Если в раннем творчестве поэта  сказывается влияние В. Хлебникова, стихам свойстенна предметность, то  после восьмилетнего перерыва  новые стихи, созданные в Переделкино, резко отличались от старых; они ничего не потеряли, кроме разве юношеского озорства, но приобрели пронзительность боли, и нежность, и, главное, необычайную музыкальность.
Этот период творчества можно назвать баратынско-тютчевским. Стихи Е. Баратынского иФ. Тютчева становятся для Заболоцкого главными образцами и ориентирами.

 Где прозрачной лавиною
Льются листья с высоких ветвей,—
Спой мне, иволга, песню пустынную,
Песню жизни моей…

Зиму 1947/48 годов семья провела на даче другого писателя — В. А. Каверина.
Заболоцкий обратился к художественным переводам, поскольку они давали возможность надежно и регулярно получать гонорары — деньги, столь необходимые для материального обеспечения семьи. Надо сказать, что в деле перевода Николай Алексеевич достиг великих высот мастерства, обращаясь к творчеству самых разных поэтов, многих стран и народов. Особое внимание Заболоцкий уделил грузинской поэзии. Он познакомил русского писателя с богатством этой поэзии. Это — «Витязь в тигровой шкуре» Ш. Руставели, стихи Д. Гурамишвили, Важа Пшевелы, Т. Орбелиани, И. Чавчавадзе и др. Именно за эти переводы Заболоцкий был награжден Орденом Трудового Красного Знамени в 1958 году.

В 1948 году Заболоцкий получил квартиру в Москве, в доме, построенном пленными немцами, на углу улицы Беговой и Хорошевского шоссе. Очень помог Александр Фадеев, который в то время занимал руководящую должность в Союзе писателей СССР. Он же способствовал изданию в том же году сборника новых стихов Заболоцкого. Соседом поэта оказался выдающийся писатель Василий Гроссман, работавший над главной своей книгой «Жизнь и судьба».

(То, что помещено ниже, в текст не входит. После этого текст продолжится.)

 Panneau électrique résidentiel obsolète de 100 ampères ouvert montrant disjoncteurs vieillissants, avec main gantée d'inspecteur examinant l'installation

Казалось, жизнь окончательно наладилась.
 Но впереди было ужасное испытание. Любящая, заботливая, терпеливая жена, выдержавшая все тяготы и лишения, влюбилась  в Василия Гроссмана. Не помню где прочитала, но хорошо помню фразу, обращённую к Гроссману Екатериной Васильевной: «Вася, Вася, что же ты со мной сделал?» Ум и талант, ненависть к фашизму в любом его проявлении,настроения писателя покорили Екатерину Васильевну. Её прообраз-  героиня романа Гроссмана Мария Ивановна Соколова – возлюбленная главного героя романа.

В отчаянии от предательства, Николай Алексеевич просил  жену оставить его.
Трагический разлад с  в семье произошёл в 1956 году,  жена уходит. Слишком честными были их отношения всю  сложную прожитую совместную жизнь.